Et pour préciser, car tout le monde ne connaît pas ce que c’est, pouvez-vous nous expliquer ce qu’est l’intelligence collective exactement ?
Alors l’intelligence collective peut être considérée comme un « buzz word », c’est pour cela que j’insiste sur l’aspect méthodologique. Pour moi c’est une discipline en création. L’idée c’est s’assurer de faire interagir un nombre très important de personnes dans un temps court, pour arriver à résoudre des problématiques complexes. On est en train – notre génération – de vivre le XXIème siècle avec beaucoup de challenges.
Chez Bluenove on pense que, grâce à l’intelligence collective, on pourra sans doute résoudre les défis auxquels on est confrontés.
Et donc vous avez créé cet outil qui s’appelle « Assembl », est-ce que vous pouvez nous parler de la façon dont cela fonctionne, enfin les grandes généralités car c’est un peu complexe.
Rapidement, c’est une question d’architecture de conversation.
En fait chez Bluenove on a un certain nombre de convictions fondamentales, la première d’entre elles est que la démocratie commence par la conversation. Et c’est au niveau de jeu de la conversation qu’on aboutit aux réponses que j’évoquais préalablement. Et donc toute l’architecture des dispositifs qu’on met en place consiste à mettre chacun en condition de réaction par rapport à ce que les autres ont exprimé ; d’être capable de donner le meilleur que l’on a en soi, en réponse à des questions données.
Et ces questions c’est une architecture. Donc on va bâtir une forme de maison : là il va y avoir des questions ouvertes, ici des fils de discussion : « je réagis plus vivement forcément à ce que vous auriez, vous, exprimé, ça me donne d’autres idées ». Peut-être des moments de vote aussi en disant « ah tiens qu’est-ce qui est intéressant ? » ou peut-être d’approfondissement sur des questions qui auraient émergé.
Et j’insiste sur un dernier point, qui est une autre conviction forte, pour que ça puisse fonctionner, il faut prendre en compte ce qu’on appelle « l’imprévisibilité du futur ». L’imprévisibilité du futur c’est l’idée que, ce n’est pas parce que, au début d’un dispositif ou d’un processus on dit que, a priori, les thèmes A, B et C sont les thèmes à traiter et qu’ils sont les bons thèmes, qu’ils le resteront. On les soumet à une communauté active, qui va sans doute faire émerger d’autres thèmes qui sont plus pertinents que ceux auxquels on aurait songé a priori.
En fait ce sont des idées individuelles qui sont auto-challengées par d’autres idées ou par soi-même en fonction des discussions. Et comment faites-vous la hiérarchie des idées ?

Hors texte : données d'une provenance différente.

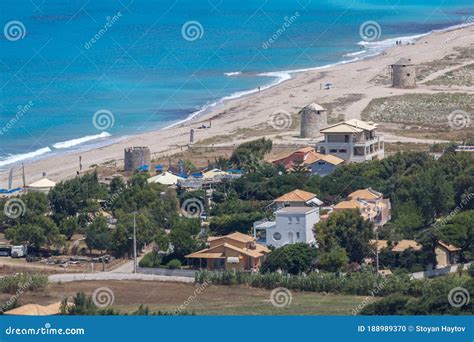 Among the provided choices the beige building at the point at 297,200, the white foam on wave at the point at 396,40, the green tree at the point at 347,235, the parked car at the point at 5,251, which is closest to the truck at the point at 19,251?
the parked car at the point at 5,251

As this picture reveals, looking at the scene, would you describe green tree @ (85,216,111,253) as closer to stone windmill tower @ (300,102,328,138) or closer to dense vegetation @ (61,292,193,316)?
dense vegetation @ (61,292,193,316)

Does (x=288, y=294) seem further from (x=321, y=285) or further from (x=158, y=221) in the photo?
(x=158, y=221)

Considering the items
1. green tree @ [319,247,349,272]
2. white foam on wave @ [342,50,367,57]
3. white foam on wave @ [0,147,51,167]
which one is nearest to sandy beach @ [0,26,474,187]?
white foam on wave @ [0,147,51,167]

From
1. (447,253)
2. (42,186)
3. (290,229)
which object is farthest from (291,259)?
(42,186)

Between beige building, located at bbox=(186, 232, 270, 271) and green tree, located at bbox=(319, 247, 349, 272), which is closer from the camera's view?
green tree, located at bbox=(319, 247, 349, 272)

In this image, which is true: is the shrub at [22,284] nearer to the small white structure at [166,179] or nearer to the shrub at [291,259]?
the shrub at [291,259]

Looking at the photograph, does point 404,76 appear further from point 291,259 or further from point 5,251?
point 291,259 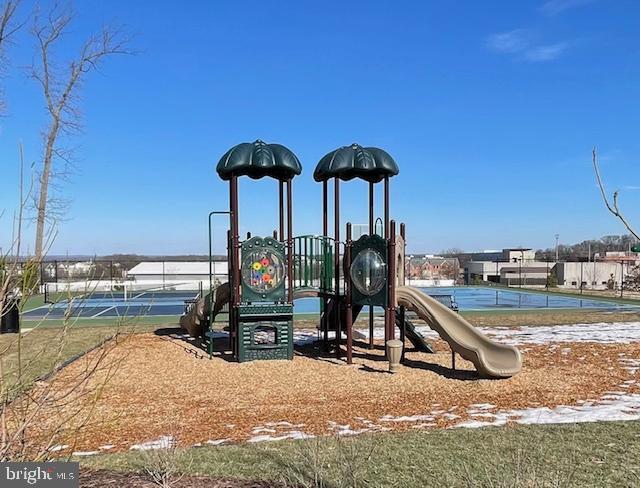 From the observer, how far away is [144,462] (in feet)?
13.6

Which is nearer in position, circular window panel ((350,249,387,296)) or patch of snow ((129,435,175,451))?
patch of snow ((129,435,175,451))

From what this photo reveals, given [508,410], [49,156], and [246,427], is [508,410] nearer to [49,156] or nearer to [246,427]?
[246,427]

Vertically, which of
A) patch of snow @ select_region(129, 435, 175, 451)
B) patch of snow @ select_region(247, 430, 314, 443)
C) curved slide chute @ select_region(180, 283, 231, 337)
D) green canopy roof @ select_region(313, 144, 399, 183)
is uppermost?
green canopy roof @ select_region(313, 144, 399, 183)

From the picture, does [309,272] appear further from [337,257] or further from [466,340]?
[466,340]

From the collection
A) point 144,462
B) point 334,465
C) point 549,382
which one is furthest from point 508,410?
point 144,462

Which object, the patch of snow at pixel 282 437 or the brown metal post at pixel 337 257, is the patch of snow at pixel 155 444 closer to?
the patch of snow at pixel 282 437

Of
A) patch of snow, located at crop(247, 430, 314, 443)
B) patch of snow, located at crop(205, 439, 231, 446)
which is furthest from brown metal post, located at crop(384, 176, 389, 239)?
patch of snow, located at crop(205, 439, 231, 446)

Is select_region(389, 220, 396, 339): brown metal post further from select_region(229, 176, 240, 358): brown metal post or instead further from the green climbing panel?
select_region(229, 176, 240, 358): brown metal post

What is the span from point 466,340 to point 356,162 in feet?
12.9

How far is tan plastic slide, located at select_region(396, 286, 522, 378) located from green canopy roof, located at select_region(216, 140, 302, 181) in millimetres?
3216

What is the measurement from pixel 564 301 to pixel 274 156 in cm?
1832

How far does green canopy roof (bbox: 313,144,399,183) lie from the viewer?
10.2 meters

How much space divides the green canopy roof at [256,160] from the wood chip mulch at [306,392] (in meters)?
3.62

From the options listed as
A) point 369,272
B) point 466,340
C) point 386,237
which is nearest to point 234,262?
point 369,272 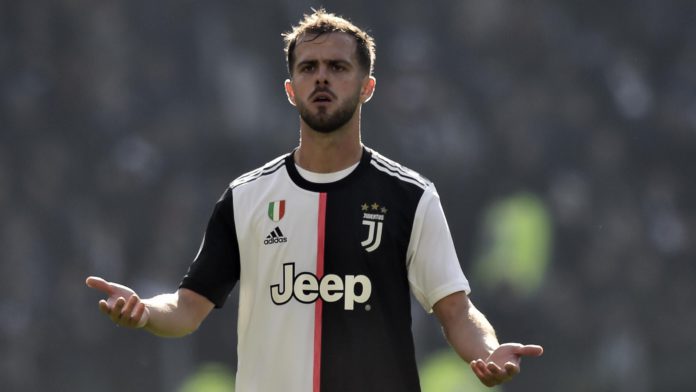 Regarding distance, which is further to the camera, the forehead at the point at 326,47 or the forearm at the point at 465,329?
the forehead at the point at 326,47

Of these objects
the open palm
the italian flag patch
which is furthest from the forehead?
the open palm

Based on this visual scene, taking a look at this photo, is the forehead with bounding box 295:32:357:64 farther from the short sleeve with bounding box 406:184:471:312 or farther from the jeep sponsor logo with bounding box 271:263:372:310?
the jeep sponsor logo with bounding box 271:263:372:310

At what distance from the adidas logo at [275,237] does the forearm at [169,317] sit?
1.22 ft

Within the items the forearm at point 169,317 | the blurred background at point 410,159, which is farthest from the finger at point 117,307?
the blurred background at point 410,159

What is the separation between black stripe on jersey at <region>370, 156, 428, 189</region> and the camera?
160 inches

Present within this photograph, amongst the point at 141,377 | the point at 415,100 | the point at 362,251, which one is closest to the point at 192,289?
the point at 362,251

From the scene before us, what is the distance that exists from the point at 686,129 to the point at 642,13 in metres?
1.34

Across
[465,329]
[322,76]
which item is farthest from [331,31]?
[465,329]

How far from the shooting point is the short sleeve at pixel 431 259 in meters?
3.96

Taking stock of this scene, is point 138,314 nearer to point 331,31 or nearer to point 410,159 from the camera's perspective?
point 331,31

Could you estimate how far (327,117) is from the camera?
4000 mm

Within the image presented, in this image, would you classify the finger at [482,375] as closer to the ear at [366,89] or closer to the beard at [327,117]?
the beard at [327,117]

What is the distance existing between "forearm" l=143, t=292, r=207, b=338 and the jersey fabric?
0.30 ft

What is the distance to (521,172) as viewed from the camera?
12.2 m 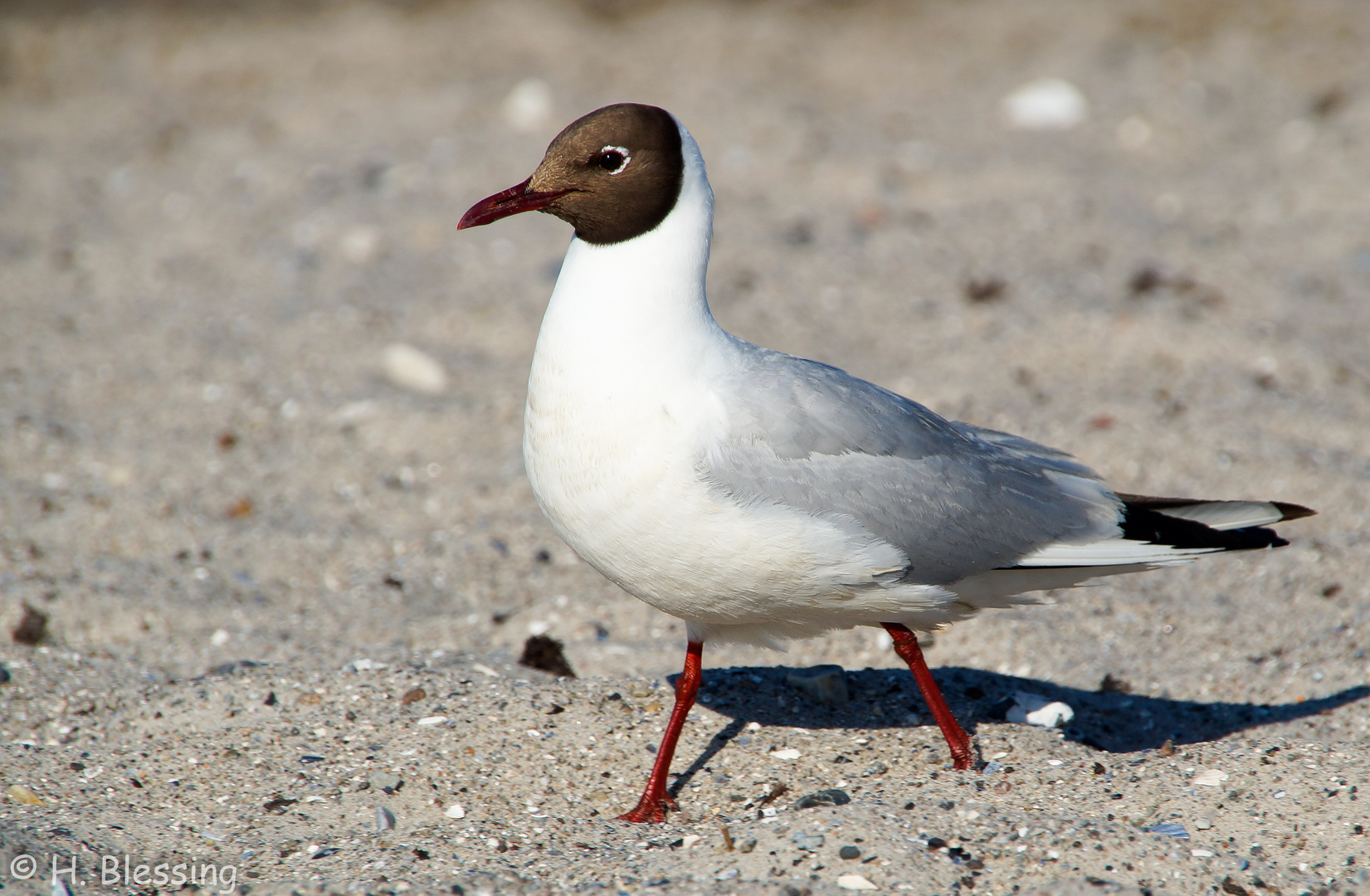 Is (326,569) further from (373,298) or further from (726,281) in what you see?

Alors d’abord quand on s’exprime, il y a ce qu’on appelle une « taxonomie intrinsèque au discours », c’est une donnée.… Imaginons, les gens discutent au salon, et nous dans la cuisine, aidés un petit peu d’intelligence artificielle qu’on appelle du NLP- (Natural Language Processing, traitement automatique du langage naturel NDLR) on, dans la cuisine, va analyser tout ce qui est dit dans le salon.
Donc il faut imaginer que la conversation devient une espère d’énorme objet mouvant, avec beaucoup de mots, la Pléiade écrit par plein de gens différents, et nous on va architecturer toute cette conversation. On va dire « là c’est intéressant dans ce que vous vous avez exprimé ». Peut-être qu’il y a beaucoup de déchets, quand on parle il y a toujours du déchet, mais on va trier « là tiens c’est intéressant et il y a un nouveau concept » » là c’était quelque chose d’intéressant et un exemple auquel personne d’autre n’avait songé etc. » et on va les remettre en avant pour que les autres puissent s’en ré-emparer.
Tout le sujet est justement de retraiter en permanence la conversation générée par l’ensemble des personnes qui y participent pour y trouver justement la substantifique moelle et la requestionner elle-même par la collectivité.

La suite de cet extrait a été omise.